── Source records

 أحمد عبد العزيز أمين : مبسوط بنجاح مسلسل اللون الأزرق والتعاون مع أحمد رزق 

────
── Source records

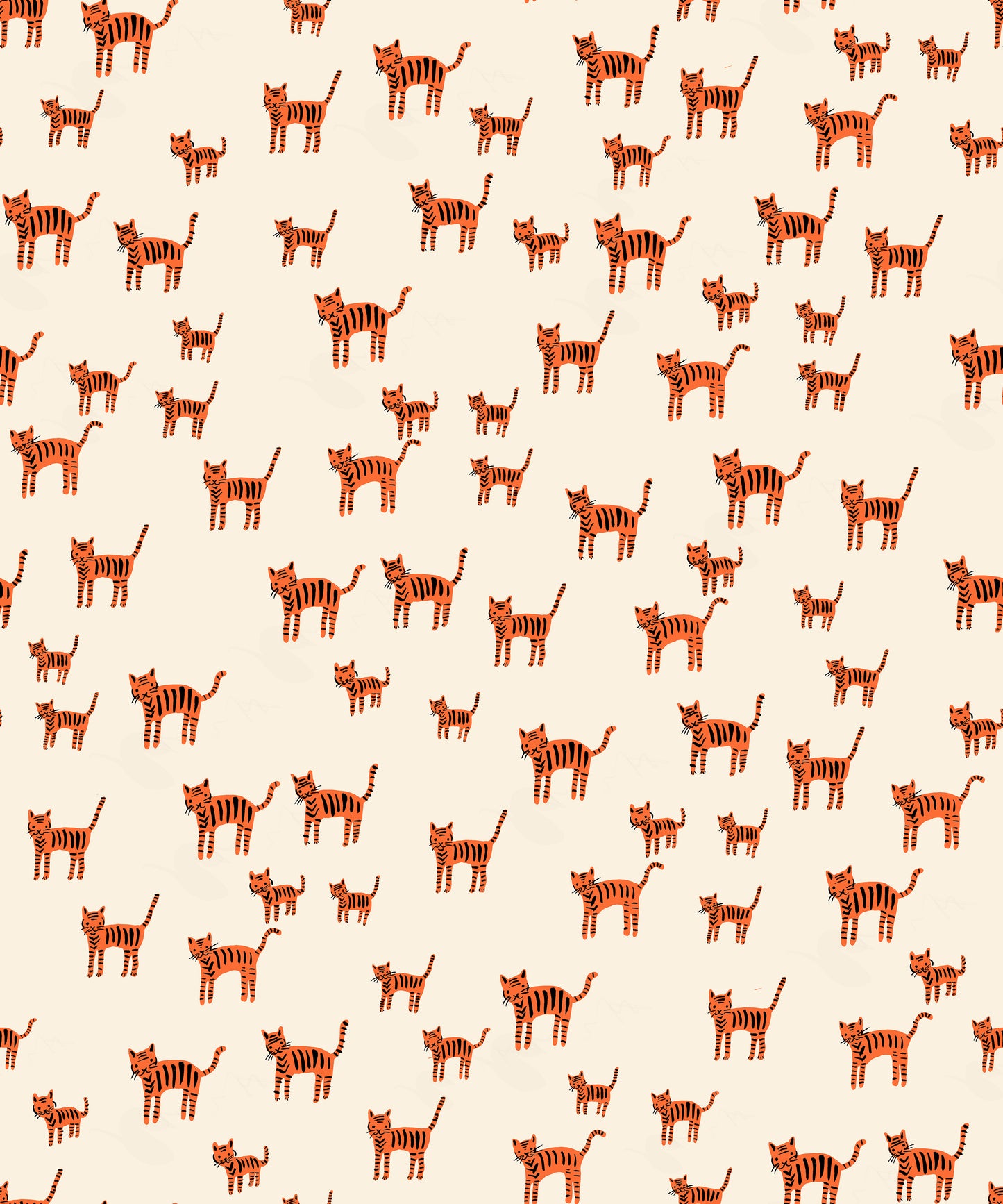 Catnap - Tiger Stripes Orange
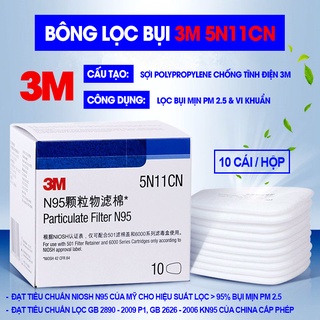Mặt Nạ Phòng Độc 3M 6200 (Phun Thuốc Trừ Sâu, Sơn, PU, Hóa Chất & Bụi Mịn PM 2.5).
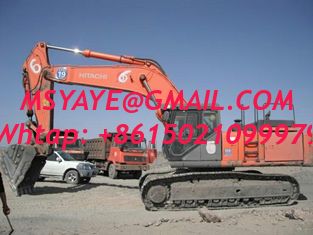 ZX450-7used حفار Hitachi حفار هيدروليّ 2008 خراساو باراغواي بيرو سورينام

────

== Work task ==
In the listing above, find the line with "Catnap - Tiger Stripes Orange" and the line with "ZX450-7used حفار Hitachi". Transcribe those two and everything between, exactly, leaving out pictures.

== Result for this exercise ==
 Catnap - Tiger Stripes Orange
Mặt Nạ Phòng Độc 3M 6200 (Phun Thuốc Trừ Sâu, Sơn, PU, Hóa Chất & Bụi Mịn PM 2.5).
 ZX450-7used حفار Hitachi حفار هيدروليّ 2008 خراساو باراغواي بيرو سورينام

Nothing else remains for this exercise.